Preparation and Investigation of Photocatalytic Properties of ZnO Nanocrystals: Effect of Operational Parameters and Kinetic Study

ZnO nanocrystals with mean diameter size 14 nm have been prepared by precipitation method, and examined as photocatalyst for the UV-induced degradation of insecticide diazinon as deputy of organic pollutant in aqueous solution. The effects of various parameters, such as illumination time, the amount of photocatalyst, initial pH values and initial concentration of insecticide on the photocatalytic degradation diazinon were investigated to find desired conditions. In this case, the desired parameters were also tested for the treatment of real water containing the insecticide. Photodegradation efficiency of diazinon was compared between commercial and prepared ZnO nanocrystals.

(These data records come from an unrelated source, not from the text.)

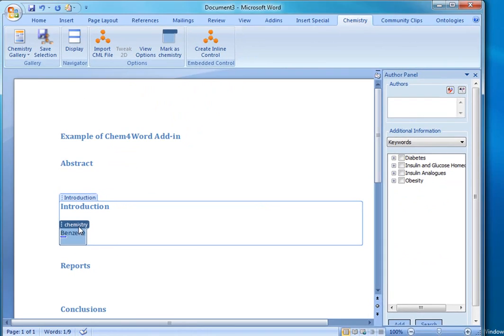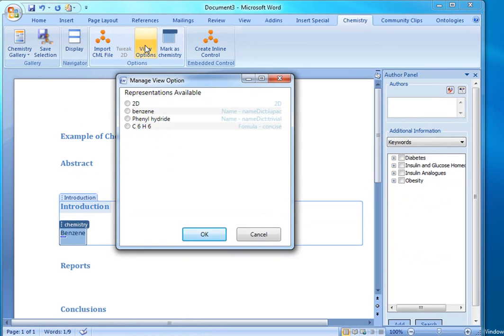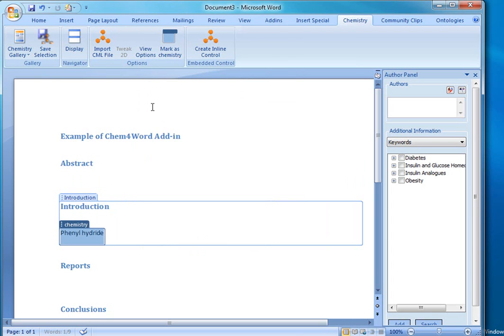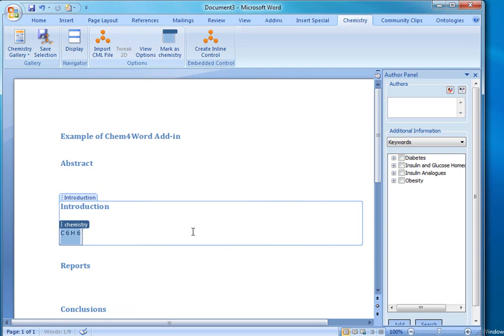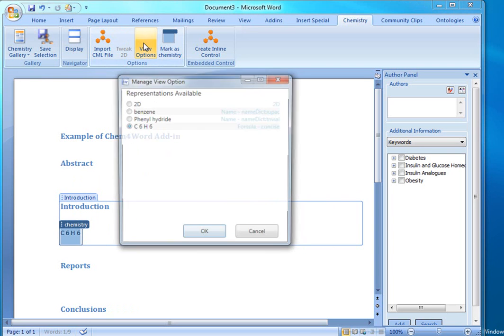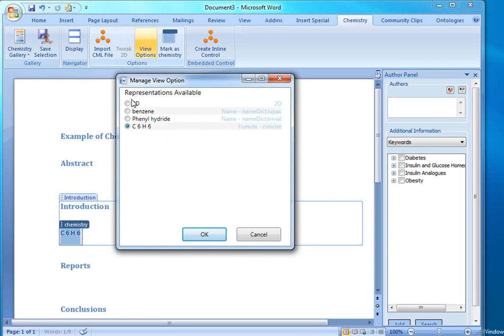So now that we have benzene recognized as a chemistry zone, we can go ahead and change the view options. So instead of using the common name benzene, we can actually use the chemical name for the compound. Or we can show the formula representation for it, or change this to the 2D representation.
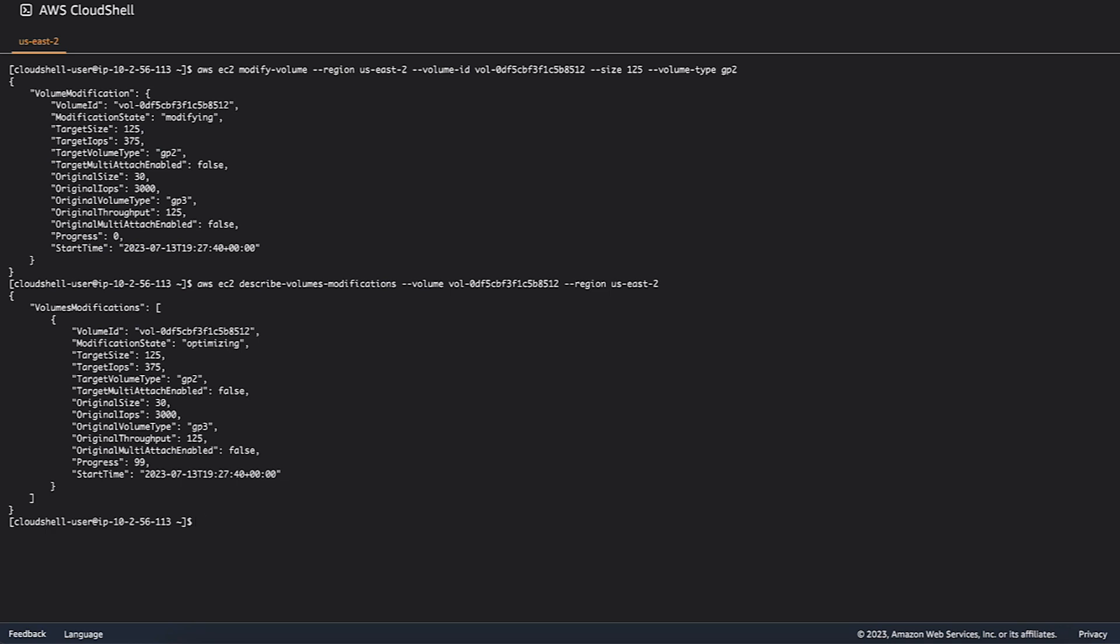And now, you know how to expand the Amazon EBS root volume of an EC2 Windows instance. Thanks for watching, and happy cloud computing from all of us here at AWS.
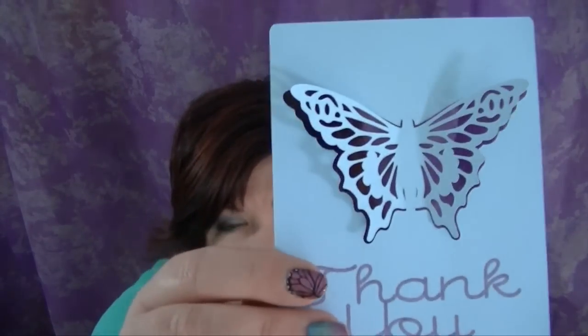Hey everyone! It's Melody Lane and I'm going to show you how to make this butterfly.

The results indicated that UV/ZnO process applying prepared nanocrystalline ZnO offered electrical energy efficiency and quantum yield better than commercial ZnO. The present study, on the base of Langmuir-Hinshelwood mechanism, illustrated a pseudo first-order kinetic model with rate constant of surface reaction equal to 0.209 mg l-1 min-1 and adsorption equilibrium constant of 0.124 l mg-1.

Authors:

• N. Daneshvar
• S. Aber
• M. S. Seyed Dorraji
• A. R. Khataee
• M. H. Rasoulifard

Keywords:

• Zinc oxide nanopowder
• Electricity consumption
• Quantum yield
• Nanoparticles
• Photodegradation
• Kinetic model
• Insecticide.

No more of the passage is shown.